Я наконец серьезно принялся за свою новую повесть, которая размерами превзойдет «Накануне». Надо надеяться, что и участь ее будет лучше. А впрочем, это все в руках урны судьбы, как говорил один мой товарищ по университету. Разумеется, как только она окончится (а это будет не скоро), вы первый ее прочтете. А для вашего превосходного баритона изготовляется другая статья, которую я полагаю прочесть сперва здесь для нашего же общества моим сквернейшим дискантом. Также начал я письмо для «Века», в котором описывается заседание медиумов, где я присутствовал и где происходили необыкновенные, сиречь комические, штуки. Других сторон парижской жизни я не изучал до сих пор, да и вряд ли успею этим заняться при многочисленных предстоящих мне работах.

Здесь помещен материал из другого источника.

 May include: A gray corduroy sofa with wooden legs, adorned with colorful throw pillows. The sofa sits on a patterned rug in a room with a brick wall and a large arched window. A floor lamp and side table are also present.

…Кстати, не можете ли вы узнать, где собственно находятся теперь братья Аксаковы. О них ходят здесь самые разноречащие слухи. Вы, может быть, слышали, что жена Огарева [421] пропадает без вести вместе с своим ребенком.
Спасибо вам за Родионова, Леонтьева и т. д. и т. д. Хлопочите также о нашем обществе, против которого, слышно, восстают несколько лиц в журналах. Кстати, извольте немедленно отправиться, по получении сего, к гр. Ламберт (на Фурштатской, в соб. доме). 0на говорила о нашем обществе с Мейендорфом — и тот пожелал увидаться с вами, и графиня мне пишет, чтобы я вас послал к ней. Теперь уже у вас нет предлога не идти, и я вас убедительно прошу это сделать и предсказываю вам, что если вы это сделаете, вы будете просиживать у ней три вечера в неделю, и — это будет доброе дело (я уже не говорю об удовольствии, которое вы чрез то получите), потому что она одинокая и больная женщина. Слышите, пожалуйста, ступайте к ней.